Run CPUFJ bursts at the root by aliceb-nv · Pull Request #1179 · NVIDIA/cuopt

aliceb-nv · 2026-05-05T09:01:04Z

Some primal heuristics, like CPUFJ, may benefit in some cases from operating on the problem with root cuts.
This PR adds support for this, by running bursts of a few iterations of CPUFJ per cut pass opportunistically, on threads that would otherwise remain idle; and also once after the root cut passes are completed.

In most cases, this provides no benefits, but some instances like tutaki find their first integer incumbent much faster. Additionally, awhea is now reliably feasibilized and solved to a gap of <5% on 10min runs.

Description

Issue

Checklist

I am familiar with the Contributing Guidelines.
Testing
- New or existing tests cover these changes
- Added tests
- Created an issue to follow-up
- NA
Documentation
- The documentation is up to date with these changes
- Added new documentation
- NA

copy-pr-bot · 2026-05-05T09:01:07Z

This pull request requires additional validation before any workflows can run on NVIDIA's runners.

Pull request vetters can view their responsibilities here.

Contributors can view more details about this message here.
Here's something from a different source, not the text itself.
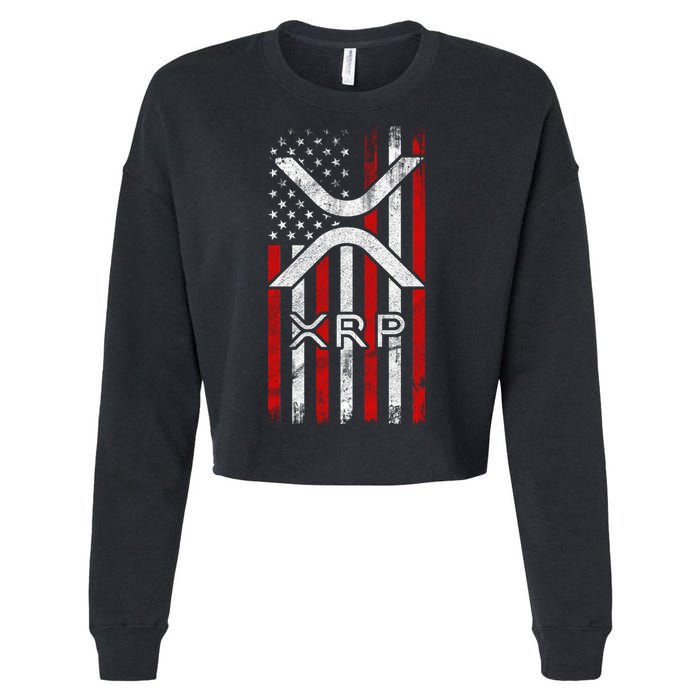 Xrp Cryptocurrency American Flag Cropped Pullover Crew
aliceb-nv · 2026-05-05T09:01:36Z

/ok to test 64ba333

coderabbitai · 2026-05-05T09:10:56Z

📝 Walkthrough

Walkthrough

Introduces CPUFJ (CPU-based feasibility-jump heuristic) task execution into the root-cut processing loop via new structured task types, refactored initialization and solver extensions supporting work-unit limits, a factory API for task creation, and OpenMP task-based orchestration within branch-and-bound with explicit lifecycle management via scope guards.

Changes

CPU Feasibility-Jump Root-Cut Integration

Layer / File(s)	Summary
Type Definitions `cpp/src/mip_heuristics/feasibility_jump/cpu_fj_thread.cuh`	New `cpu_fj_thread_t<i_t, f_t>` worker with lifecycle hooks (`on_start`, `run_worker`, `on_terminate`), solution-found signaling, configurable time/work-unit limits, and ownership of `fj_cpu_climber_t`. New `fj_cpu_task_t<i_t, f_t>` encapsulates task execution state with preemption flag and custom-deleter `unique_ptr`.
Solver Extensions `cpp/src/mip_heuristics/feasibility_jump/fj_cpu.cu` (lines 1637–1816)	`cpufj_solve_loop` now accepts `work_unit_limit` parameter; loop breaks when work units exceed limit. `cpu_fj_thread_t::run_worker()` passes limit to solver.
Initialization Refactoring `cpp/src/mip_heuristics/feasibility_jump/fj_cpu.cu` (lines 1313–1560)	New `finalize_fj_cpu_host_initialization(...)` initializes flip-move caches and problem features. New `init_fj_cpu_from_host_lp(...)` constructs host FJ state from LP problem, rebuilds reverse CSR, and calls finalize.
Task Lifecycle API `cpp/src/mip_heuristics/feasibility_jump/cpu_fj_thread.cuh`, `cpp/src/mip_heuristics/feasibility_jump/fj_cpu.cu` (lines 1856–1898)	`make_fj_cpu_task_from_host_lp(...)` constructs tasks from host LP with improvement callback. `run_fj_cpu_task(...)` executes with time and work-unit limits. `stop_fj_cpu_task(...)` signals preemption. Custom deleter manages climber cleanup.
Root-Cut Loop Integration `cpp/src/branch_and_bound/branch_and_bound.cpp` (lines 2229–2556)	Introduces `cut_pass_action_t`/`cut_pass_result_t` for structured control flow. Root-cut CPUFJ task spawned as OpenMP task per cut pass, explicitly awaited, and stopped. Direct `break`/`continue` decisions replaced with structured CONTINUE/BREAK/RETURN actions propagating infeasibility, numerical, and termination outcomes.
Final Root-Cut Phase `cpp/src/branch_and_bound/branch_and_bound.cpp` (lines 2570–2587)	After main cut processing, conditionally builds and runs final CPUFJ root-cut task when cuts exist, using computed remaining time limit in deterministic mode.
Header Reorganization & Wiring `cpp/src/branch_and_bound/branch_and_bound.cpp` (lines 13, 29), `cpp/src/mip_heuristics/feasibility_jump/fj_cpu.cuh` (lines 19–23), `cpp/src/mip_heuristics/local_search/local_search.cu` (line 128–132)	Added includes for `cpu_fj_thread.cuh` and `scope_guard.hpp`. Refactored `fj_cpu.cuh` to include new thread header and removed local `cpu_fj_thread_t` declaration. Updated improvement callback lambda to capture `this` for member access.
Template Instantiations `cpp/src/mip_heuristics/feasibility_jump/fj_cpu.cu` (lines 1899–1954)	Explicit template instantiations for `float` and `double` of new task factory, execution, finalization, and helper utilities.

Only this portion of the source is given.